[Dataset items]
== Segment start ==

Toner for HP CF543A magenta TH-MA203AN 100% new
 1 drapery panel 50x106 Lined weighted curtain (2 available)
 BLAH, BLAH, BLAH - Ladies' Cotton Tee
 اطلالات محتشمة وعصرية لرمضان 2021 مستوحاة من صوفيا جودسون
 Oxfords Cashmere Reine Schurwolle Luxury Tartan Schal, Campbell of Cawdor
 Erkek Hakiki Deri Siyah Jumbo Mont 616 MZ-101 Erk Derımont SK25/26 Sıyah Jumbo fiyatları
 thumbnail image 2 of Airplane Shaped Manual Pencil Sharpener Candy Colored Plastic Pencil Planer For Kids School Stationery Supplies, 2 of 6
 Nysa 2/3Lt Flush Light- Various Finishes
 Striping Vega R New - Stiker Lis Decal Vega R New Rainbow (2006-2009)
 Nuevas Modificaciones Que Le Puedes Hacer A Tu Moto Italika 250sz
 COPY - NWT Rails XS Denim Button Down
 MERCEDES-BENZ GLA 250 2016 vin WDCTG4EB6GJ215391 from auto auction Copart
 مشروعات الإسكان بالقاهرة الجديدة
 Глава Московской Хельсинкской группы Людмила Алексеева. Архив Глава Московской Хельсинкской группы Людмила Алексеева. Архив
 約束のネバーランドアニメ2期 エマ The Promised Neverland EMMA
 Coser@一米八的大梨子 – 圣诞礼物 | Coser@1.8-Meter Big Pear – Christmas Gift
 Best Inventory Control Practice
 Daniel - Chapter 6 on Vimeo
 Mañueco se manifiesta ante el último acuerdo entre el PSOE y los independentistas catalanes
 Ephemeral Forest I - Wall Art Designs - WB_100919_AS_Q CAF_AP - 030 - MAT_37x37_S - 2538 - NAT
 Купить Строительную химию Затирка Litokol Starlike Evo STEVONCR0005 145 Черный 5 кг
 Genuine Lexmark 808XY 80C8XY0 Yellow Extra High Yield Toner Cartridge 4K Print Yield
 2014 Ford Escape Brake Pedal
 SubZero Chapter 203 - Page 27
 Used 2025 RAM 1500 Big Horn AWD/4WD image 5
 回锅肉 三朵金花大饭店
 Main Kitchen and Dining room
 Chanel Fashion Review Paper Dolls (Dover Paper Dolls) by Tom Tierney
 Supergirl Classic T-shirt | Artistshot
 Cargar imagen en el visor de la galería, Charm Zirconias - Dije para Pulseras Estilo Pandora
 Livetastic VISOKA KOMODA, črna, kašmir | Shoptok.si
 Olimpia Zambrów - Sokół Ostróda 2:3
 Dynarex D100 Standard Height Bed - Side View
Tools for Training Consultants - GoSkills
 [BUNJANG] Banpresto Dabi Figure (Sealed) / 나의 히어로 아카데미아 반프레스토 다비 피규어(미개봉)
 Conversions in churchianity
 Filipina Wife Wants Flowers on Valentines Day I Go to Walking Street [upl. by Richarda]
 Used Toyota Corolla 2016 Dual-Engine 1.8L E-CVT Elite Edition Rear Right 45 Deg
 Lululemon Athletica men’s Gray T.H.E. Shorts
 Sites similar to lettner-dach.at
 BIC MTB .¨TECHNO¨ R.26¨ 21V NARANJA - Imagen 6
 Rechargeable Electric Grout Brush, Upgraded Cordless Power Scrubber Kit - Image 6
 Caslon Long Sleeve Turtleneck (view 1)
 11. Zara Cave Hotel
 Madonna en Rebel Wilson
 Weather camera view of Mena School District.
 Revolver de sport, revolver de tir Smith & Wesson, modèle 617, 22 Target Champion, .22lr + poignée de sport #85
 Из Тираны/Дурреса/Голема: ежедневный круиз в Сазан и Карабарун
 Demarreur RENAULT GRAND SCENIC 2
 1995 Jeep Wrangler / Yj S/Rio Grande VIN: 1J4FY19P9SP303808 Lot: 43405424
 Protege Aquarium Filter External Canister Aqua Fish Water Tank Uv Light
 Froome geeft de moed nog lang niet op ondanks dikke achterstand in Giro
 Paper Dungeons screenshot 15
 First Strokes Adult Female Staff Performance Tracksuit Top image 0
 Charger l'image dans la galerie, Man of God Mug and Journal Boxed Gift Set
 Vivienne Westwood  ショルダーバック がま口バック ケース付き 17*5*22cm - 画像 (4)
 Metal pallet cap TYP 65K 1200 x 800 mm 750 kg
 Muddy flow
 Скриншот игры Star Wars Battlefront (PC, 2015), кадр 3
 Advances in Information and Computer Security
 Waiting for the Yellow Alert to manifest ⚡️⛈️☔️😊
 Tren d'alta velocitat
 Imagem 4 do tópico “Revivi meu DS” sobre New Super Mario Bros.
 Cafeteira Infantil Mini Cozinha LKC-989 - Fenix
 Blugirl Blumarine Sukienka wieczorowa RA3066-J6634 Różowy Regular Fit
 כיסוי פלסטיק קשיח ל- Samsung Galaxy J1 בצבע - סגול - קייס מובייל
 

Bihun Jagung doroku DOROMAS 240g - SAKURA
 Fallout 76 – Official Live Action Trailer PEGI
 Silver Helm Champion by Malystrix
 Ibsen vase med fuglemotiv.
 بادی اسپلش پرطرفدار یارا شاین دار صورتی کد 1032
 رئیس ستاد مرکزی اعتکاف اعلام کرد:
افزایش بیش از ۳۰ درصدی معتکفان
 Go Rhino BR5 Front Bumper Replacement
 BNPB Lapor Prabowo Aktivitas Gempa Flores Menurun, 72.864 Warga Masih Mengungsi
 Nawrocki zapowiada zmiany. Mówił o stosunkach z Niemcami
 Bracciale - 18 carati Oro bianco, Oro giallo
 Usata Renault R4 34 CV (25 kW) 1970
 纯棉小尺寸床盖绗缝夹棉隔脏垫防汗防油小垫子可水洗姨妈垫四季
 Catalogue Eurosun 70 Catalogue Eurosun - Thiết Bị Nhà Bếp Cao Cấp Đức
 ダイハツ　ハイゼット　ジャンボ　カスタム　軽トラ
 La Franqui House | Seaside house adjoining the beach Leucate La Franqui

== Segment end ==

Your goal
Return the opening line of the data and every line after it through the line containing "Cargar imagen en", please, exactly as written and with nothing added.

Task answer
Toner for HP CF543A magenta TH-MA203AN 100% new
 1 drapery panel 50x106 Lined weighted curtain (2 available)
 BLAH, BLAH, BLAH - Ladies' Cotton Tee
 اطلالات محتشمة وعصرية لرمضان 2021 مستوحاة من صوفيا جودسون
 Oxfords Cashmere Reine Schurwolle Luxury Tartan Schal, Campbell of Cawdor
 Erkek Hakiki Deri Siyah Jumbo Mont 616 MZ-101 Erk Derımont SK25/26 Sıyah Jumbo fiyatları
 thumbnail image 2 of Airplane Shaped Manual Pencil Sharpener Candy Colored Plastic Pencil Planer For Kids School Stationery Supplies, 2 of 6
 Nysa 2/3Lt Flush Light- Various Finishes
 Striping Vega R New - Stiker Lis Decal Vega R New Rainbow (2006-2009)
 Nuevas Modificaciones Que Le Puedes Hacer A Tu Moto Italika 250sz
 COPY - NWT Rails XS Denim Button Down
 MERCEDES-BENZ GLA 250 2016 vin WDCTG4EB6GJ215391 from auto auction Copart
 مشروعات الإسكان بالقاهرة الجديدة
 Глава Московской Хельсинкской группы Людмила Алексеева. Архив Глава Московской Хельсинкской группы Людмила Алексеева. Архив
 約束のネバーランドアニメ2期 エマ The Promised Neverland EMMA
 Coser@一米八的大梨子 – 圣诞礼物 | Coser@1.8-Meter Big Pear – Christmas Gift
 Best Inventory Control Practice
 Daniel - Chapter 6 on Vimeo
 Mañueco se manifiesta ante el último acuerdo entre el PSOE y los independentistas catalanes
 Ephemeral Forest I - Wall Art Designs - WB_100919_AS_Q CAF_AP - 030 - MAT_37x37_S - 2538 - NAT
 Купить Строительную химию Затирка Litokol Starlike Evo STEVONCR0005 145 Черный 5 кг
 Genuine Lexmark 808XY 80C8XY0 Yellow Extra High Yield Toner Cartridge 4K Print Yield
 2014 Ford Escape Brake Pedal
 SubZero Chapter 203 - Page 27
 Used 2025 RAM 1500 Big Horn AWD/4WD image 5
 回锅肉 三朵金花大饭店
 Main Kitchen and Dining room
 Chanel Fashion Review Paper Dolls (Dover Paper Dolls) by Tom Tierney
 Supergirl Classic T-shirt | Artistshot
 Cargar imagen en el visor de la galería, Charm Zirconias - Dije para Pulseras Estilo Pandora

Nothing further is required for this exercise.